Problem to config filter sensor with a smart plug for a washing machine

Hi,
I have a sensor on a smart plufg/outlet connected to a washing machine which works between 0 and 2000 watt.

this is may config:

  - platform: filter
    name: "Watt Lavatrice filtered"
    entity_id: sensor.watt_lavatrice
    filters:
      - filter: outlier
        window_size: 0
        radius: 2000.0
      - filter: lowpass
        time_constant: 60
      - filter: time_simple_moving_average
        window_size: 00:05
        precision: 0

this don’t work for me: any suggestions?

Can you expand on that? Are there any config errors? Any run-time errors? Have you enabled debug in the logger for homeassistant.components.filter and checked home-assistant.log? Is the entity sensor.watt_lavatrice_filtered being created, and if so, how is its value different from what you expect?

Although I haven’t really used this sensor, I’m wondering if a window_size of 0 makes sense for the outlier filter.

Hi,
the problem sin filter configuration; here you can see real sensor graph:


and here is the result of my filter:

I need help to config better my filter configuration…

Maybe let’s take a step back. What are you ultimately trying to accomplish? If you’re just trying to determine if the washing machine is running, how about using a Threshold Binary Sensor instead? Maybe something like:

binary_sensor:
  - platform: threshold
    name: Washing Machine
    entity_id: sensor.watt_lavatrice
    upper: 1000
    hysteresis: 100

This will create binary_sensor.washing_machine which will start out being 'off', and will switch to 'on' whenever sensor.watt_lavatrice goes above 1100, and will switch to 'off' whenever sensor.watt_lavatrice goes below 900.

Or if you’re really just trying to create a filtered version of sensor.watt_lavatrice, then maybe given the nature of that signal you should consider which filters make sense for you.
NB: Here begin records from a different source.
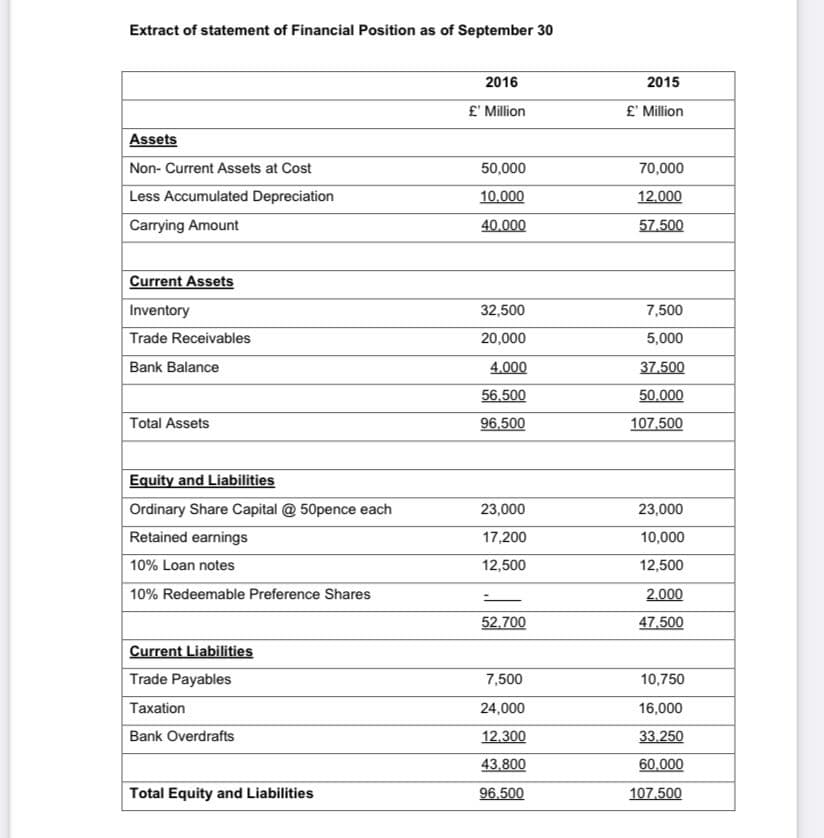 Extract of statement of Financial Position as of September 30
2016
2015
£' Million
£' Million
Assets
Non- Current Assets at Cost
50,000
70,000
Less Accumulated Depreciation
10.000
12.000
Carrying Amount
40.000
57.500
Current Assets
Inventory
32,500
7,500
Trade Receivables
20,000
5,000
Bank Balance
4.000
37.500
56,500
50.000
Total Assets
96,500
107.500
Equity and Liabilities
Ordinary Share Capital @ 50pence each
23,000
23,000
Retained earnings
17,200
10,000
10% Loan notes
12,500
12,500
10% Redeemable Preference Shares
2.000
52,700
47.500
Current Liabilities
Trade Payables
7,500
10,750
Taxation
24,000
16,000
Bank Overdrafts
12.300
33.250
43,800
60.000
Total Equity and Liabilities
96,500
107.500
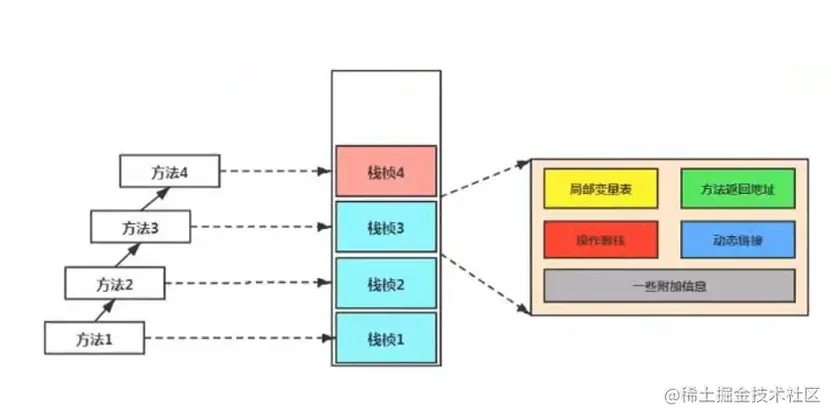 7栈帧的内部结构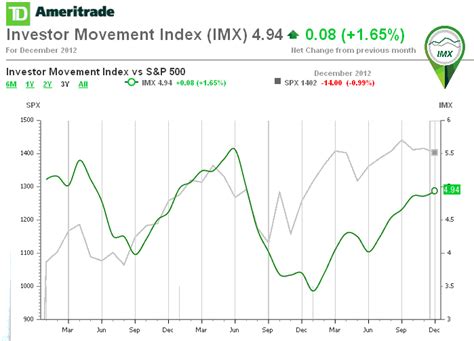 Td Ameritrades Investor Movement Index Lagging Indicator Seeking Alpha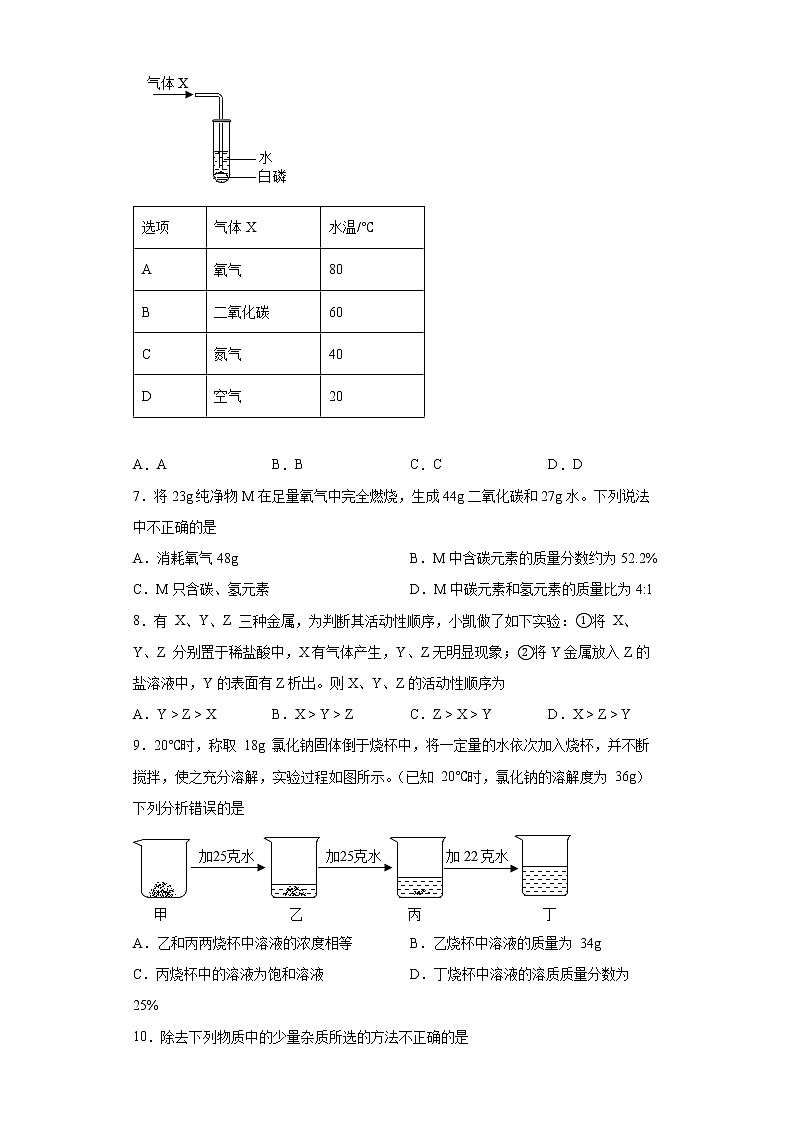 2022年山西省晋中市榆次区中考第一次模拟化学试题(word版含答案)第2页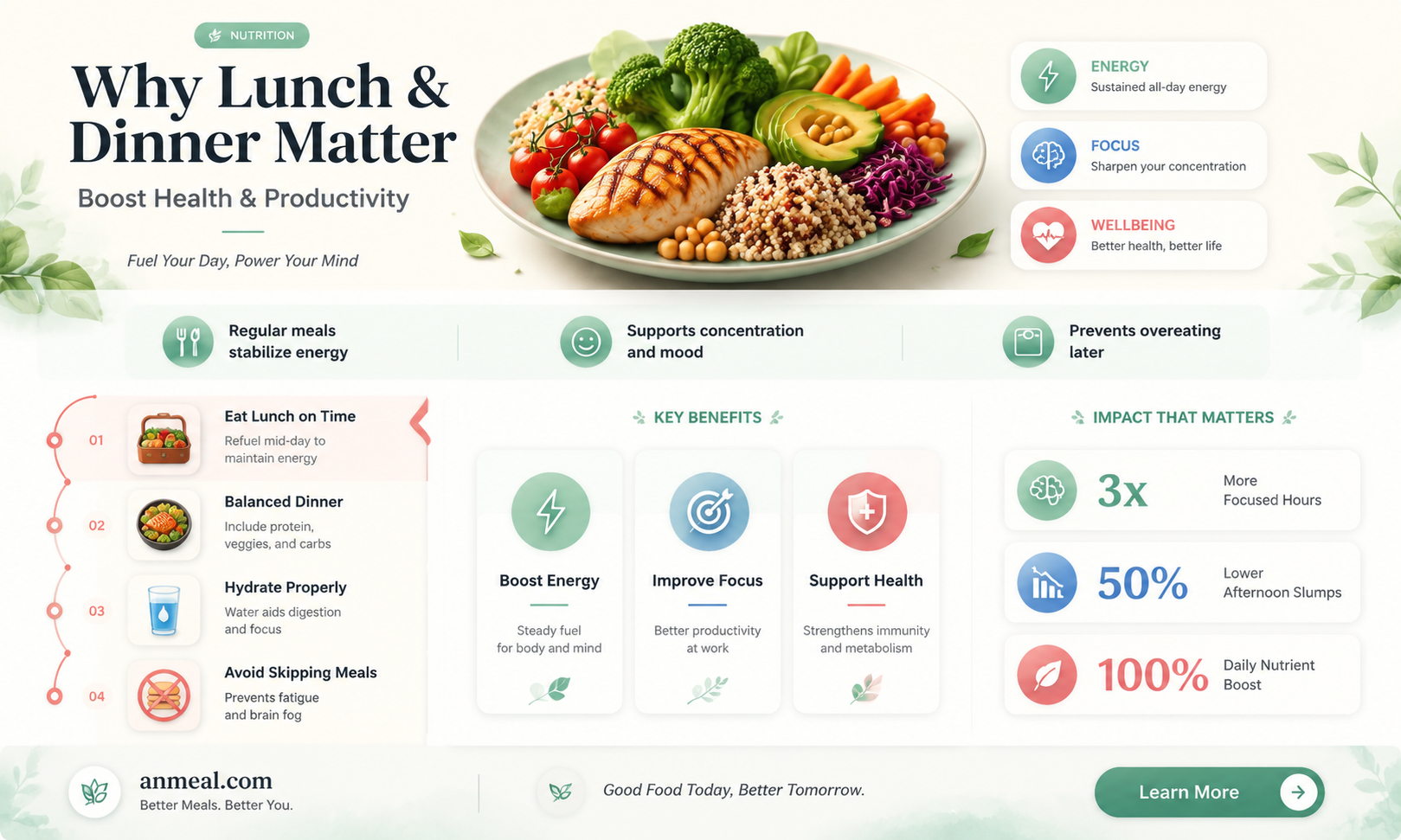 are lunch and dinner important
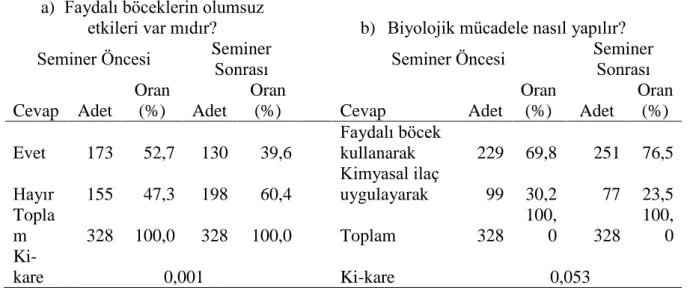 Çizelge  6.  Öğrencilerin  faydalı  böceklerin  olumsuz  etkilerinin  olup-olmadığı  ve  biyolojik  mücadelenin yapılış şekli konusundaki düşünceleri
Another thing to consider is, how often does sensor.watt_lavatrice update? If it doesn’t update very often (and, especially, if it doesn’t update when its value doesn’t change) then it might be hard to get reasonable results from the filter sensor. It works much better if the input changes often and on a consistent basis (which most sensors don’t do.)

Hi,
I already have threshold sensor. I only would a normalised graph of WATT consumption to reduce effort on sd card…I not need specificities value but only trends …

Sorry, not sure I understand that. Your filtered entity will change exactly as often as the input entity does, and result in the same number of state updates. Not sure why the filtered entity would cause any less writes to the sd card as the original entity.

I would sample lessa data to have less write on SD card; please see follow example of original sensor with many spikes:
Home-Assistant-sensore-pre-filtering

and filtered result with less variation so less writes on sd card:
Home-Assistant-sensore-post-filtering

I hope this could be more clear now…

Just because the changes are smaller doesn’t necessarily mean there are fewer of them.

Sorry, I guess I’m not helping.

OK, but can you suggest how to config better filter component?

Like I said, I’ve really not used this sensor. However, I’d (again) suggest that maybe a window_size of 0 for the outlier filter is not appropriate. Or maybe remove the outlier and lowpass filters and just try time_simple_moving_average by itself, maybe with a larger window_size (15 minutes instead of 5???)